TASK GOAL: Your task is to restate exactly the lines from the one holding "Round Glass Top Patio Table with 4 Chairs" to the end of the entries below, inclusive.

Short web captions
◇ ◇ ◇ ◇
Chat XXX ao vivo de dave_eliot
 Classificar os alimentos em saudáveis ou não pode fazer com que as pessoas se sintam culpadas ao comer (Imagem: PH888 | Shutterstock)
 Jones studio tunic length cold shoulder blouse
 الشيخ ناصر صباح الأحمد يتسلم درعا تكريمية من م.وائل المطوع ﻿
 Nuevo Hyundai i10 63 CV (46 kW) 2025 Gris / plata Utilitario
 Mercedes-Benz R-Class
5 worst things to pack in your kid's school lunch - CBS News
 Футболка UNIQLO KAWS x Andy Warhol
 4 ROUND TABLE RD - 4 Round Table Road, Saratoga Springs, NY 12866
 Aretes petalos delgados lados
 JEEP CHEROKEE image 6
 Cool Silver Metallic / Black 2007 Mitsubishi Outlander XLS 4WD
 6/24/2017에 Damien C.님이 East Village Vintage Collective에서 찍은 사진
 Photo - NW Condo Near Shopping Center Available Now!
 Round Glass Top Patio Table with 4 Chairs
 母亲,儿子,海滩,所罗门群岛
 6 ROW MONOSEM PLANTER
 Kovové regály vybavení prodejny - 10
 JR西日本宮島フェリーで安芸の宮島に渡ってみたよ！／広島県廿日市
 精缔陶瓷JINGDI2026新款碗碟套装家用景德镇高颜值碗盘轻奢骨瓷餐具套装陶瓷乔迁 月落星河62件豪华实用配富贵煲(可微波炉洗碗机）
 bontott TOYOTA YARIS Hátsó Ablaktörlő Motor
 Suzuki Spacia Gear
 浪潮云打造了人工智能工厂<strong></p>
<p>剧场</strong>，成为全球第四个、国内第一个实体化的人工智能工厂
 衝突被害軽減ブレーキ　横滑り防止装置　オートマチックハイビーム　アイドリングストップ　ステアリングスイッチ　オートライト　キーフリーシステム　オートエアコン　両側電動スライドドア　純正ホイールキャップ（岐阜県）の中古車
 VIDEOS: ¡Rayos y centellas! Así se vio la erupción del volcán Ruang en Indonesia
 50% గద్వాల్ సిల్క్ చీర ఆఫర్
◇ ◇ ◇ ◇
RESULT:
 Round Glass Top Patio Table with 4 Chairs
 母亲,儿子,海滩,所罗门群岛
 6 ROW MONOSEM PLANTER
 Kovové regály vybavení prodejny - 10
 JR西日本宮島フェリーで安芸の宮島に渡ってみたよ！／広島県廿日市
 精缔陶瓷JINGDI2026新款碗碟套装家用景德镇高颜值碗盘轻奢骨瓷餐具套装陶瓷乔迁 月落星河62件豪华实用配富贵煲(可微波炉洗碗机）
 bontott TOYOTA YARIS Hátsó Ablaktörlő Motor
 Suzuki Spacia Gear
 浪潮云打造了人工智能工厂<strong></p>
<p>剧场</strong>，成为全球第四个、国内第一个实体化的人工智能工厂
 衝突被害軽減ブレーキ　横滑り防止装置　オートマチックハイビーム　アイドリングストップ　ステアリングスイッチ　オートライト　キーフリーシステム　オートエアコン　両側電動スライドドア　純正ホイールキャップ（岐阜県）の中古車
 VIDEOS: ¡Rayos y centellas! Así se vio la erupción del volcán Ruang en Indonesia
 50% గద్వాల్ సిల్క్ చీర ఆఫర్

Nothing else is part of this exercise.